A man has been convicted of murdering four young men whom he poisoned so that he could have sex with them while they were unconscious.
Stephen Port, a chef, was found guilty at the Old Bailey of killing Anthony Walgate, 23, Jack Taylor, 25, Daniel Whitworth, 21, and Gabriel Kovari, 22.
The serial killer sought his victims on dating websites including Grindr and dumped their bodies in or near a graveyard within 500 metres of his flat in Barking, east London.
He disposed of their mobile phones, repeatedly lied to police and planted a fake suicide note in the hand of one of his victims, taking the blame for the death of another.
The 41-year-old denied all the charges against him but was found guilty of the murders as well as a range of sexual offences against more men.
Mr Taylor's parents and sisters wept in court as the guilty verdicts were delivered, but Port did not react.
He was convicted of a total of 16 offences against nine out of 12 alleged victims, including the three murders.
Other charges he was found guilty of included seven counts of administering a substance, three rapes and three sex assaults.
Detective Chief Inspector Tim Duffield said: "Stephen Port is probably one of the most dangerous individuals I've encountered.
"He's a voracious sexual predator who appears to have been fixated, nay obsessed, with surreptitiously drugging young, often vulnerable men for the exclusive purpose of rape.
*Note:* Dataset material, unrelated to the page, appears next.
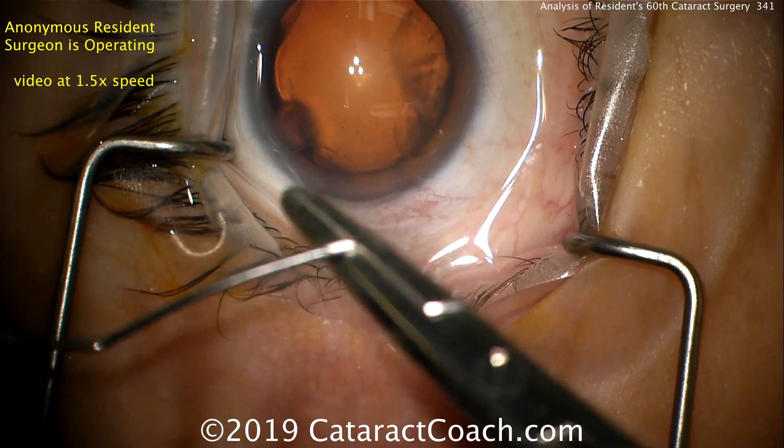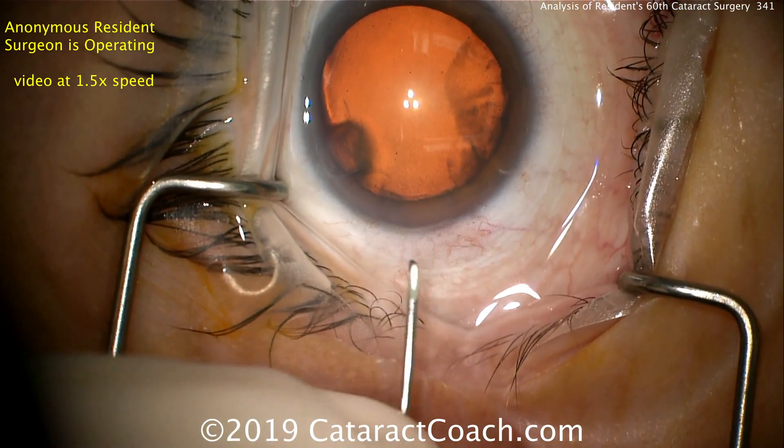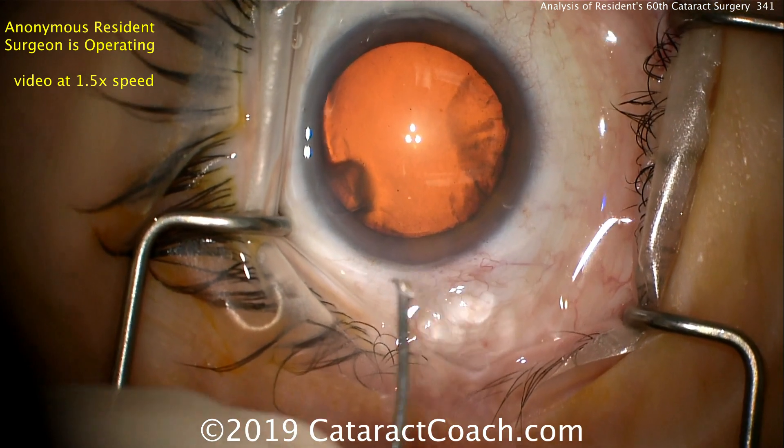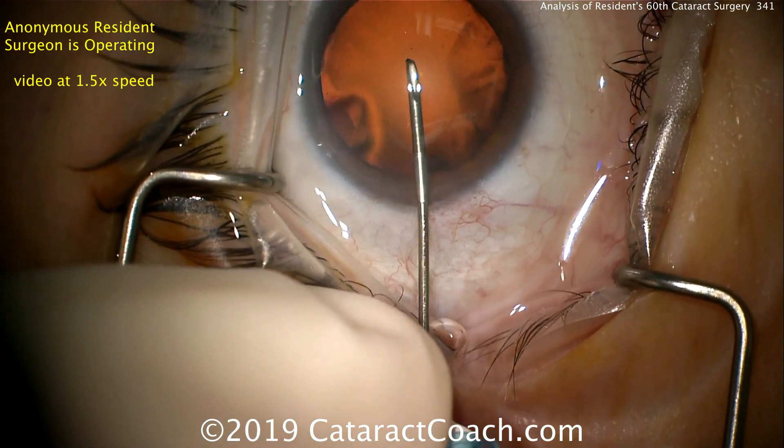Now here the resident is using a forcep, or needle holder, to bend his own cystotome. I like that idea. You can see the cystotome is on a viscoelastic syringe — that's helpful, I like the idea.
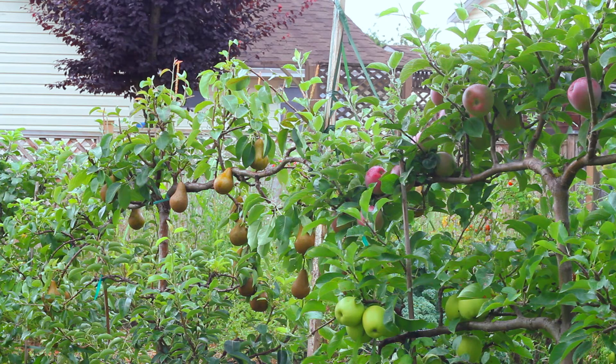The thing about pears is everybody knows a ripe pear is soft. You buy it from the grocery store, put it on your counter, and it's soft when it's ripe. But that's not how you pick it. Unlike an apple where you can pick it and eat a bite to see if it tastes sweet, pears need to be picked when they're still firm or the core of the pear will rot.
"From what we've seen as an investigation team, this is a highly devious, manipulative and self-obsessed individual.
"Throughout both the criminal investigation, many days of police interviews and during the course of a long trial, he has never once shown a shred of remorse for his victims or indeed their families."
Commander Stuart Cundy, from the Met's Specialist Crime and Operations command, added: "From the evidence we've heard at trial there were potential opportunities that were missed.
"The IPCC investigation will carefully consider those."
Nik Noone, chief executive of LGBT anti-violence charity Galop, said: "Our thoughts are with the friends and families of the young men who tragically lost their lives, the survivors that have come forward and those who are affected by the issues raised in this case.
"Our focus now turns to understanding what lessons need to be learnt from the police response to unexplained deaths and sexual assault of young men and what must be done to learn how to prevent someone like Port in the future."